VANCOUVER -- Family and friends are mourning the sudden death of a Vancouver man who was killed while cycling Cypress Bowl Road on Christmas Day, a ride he's done hundreds of times before, they said.

Ivan Young is being remembered as an "experienced and safe cyclist," who found his passion for riding in his teenage years.

"All in the riding community have lost a friend and ambassador for the sport," wrote family friends on behalf of the family in a statement to CTV News.

On Wednesday morning, Young set off to do his favourite ride to Cypress Mountain, according to friends.

He was completing the Festive 500, a popular seasonal challenge to ride 500 km in the eight days between Christmas Eve and New Year's Eve.

Over the past three years, he had ridden over 22,000 km annually, including going up Cypress 100 times in 2018. It was a goal he had set for himself, they said.

"Ivan was fueled by his passion for cycling yet he was humble in nature," the statement read. "He was typically the first and last to complete a climb because after finishing, he would head back down to shepherd the last riders up safely, starting up a conversation to distract them from the pain they were going through."

They said he was always focused on safety and ready to fix a flat tire or help a fellow rider in need.

Although Young was only in his 40s, friends said he recently retired early to spend more time with his family.

"Ivan was so much more than an avid cyclist: he was a husband, a loving father of two, a friend, a gifted pianist, an active member of his church, a great community member and a citizen who was always willing to help."

First responders were called to the crash shortly after noon on Wednesday.

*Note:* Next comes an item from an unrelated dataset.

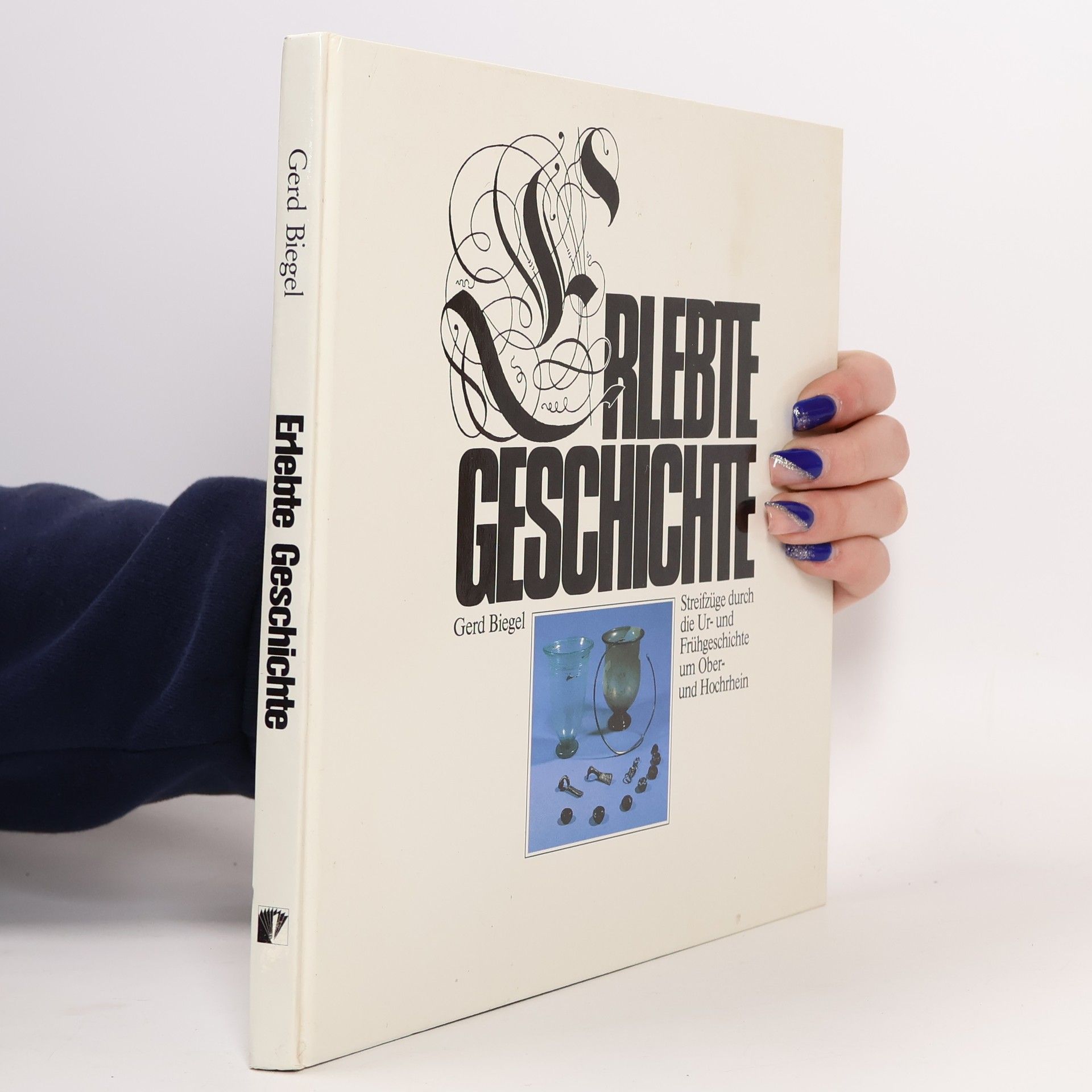 Gerd Biegel Erlebte Geschichte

Police said a collision reconstruction analyst was also called to deal with a "very serious" incident.

West Vancouver Police have not released details on the collision and have not said whether charges would be recommended against the driver.

Richard Campbell, founder of a road safety and climate activist group called Act Urgently, said the province has a role to play in preventing injuries and fatalities on the roads.

"They need to be bold and really invest in safer roads and other measures that are proven to make things safer," Campbell said.

The province has activated 35 red-light cameras with technology capable of automatically ticketing speeders.

Campbell said the B.C. government isn't working fast enough to introduce more throughout the province.

"Going slower is both a way to prevent crashes from happening and when they do happen, the crashes are less serious and far less likely to be fatal," he said. "We need to act fast before more and more people get injured and die on our roads"

Safety is also top-of-mind for family and friends of Young, who will be holding a memorial ride to raise awareness about road safety and to celebrate his love for riding.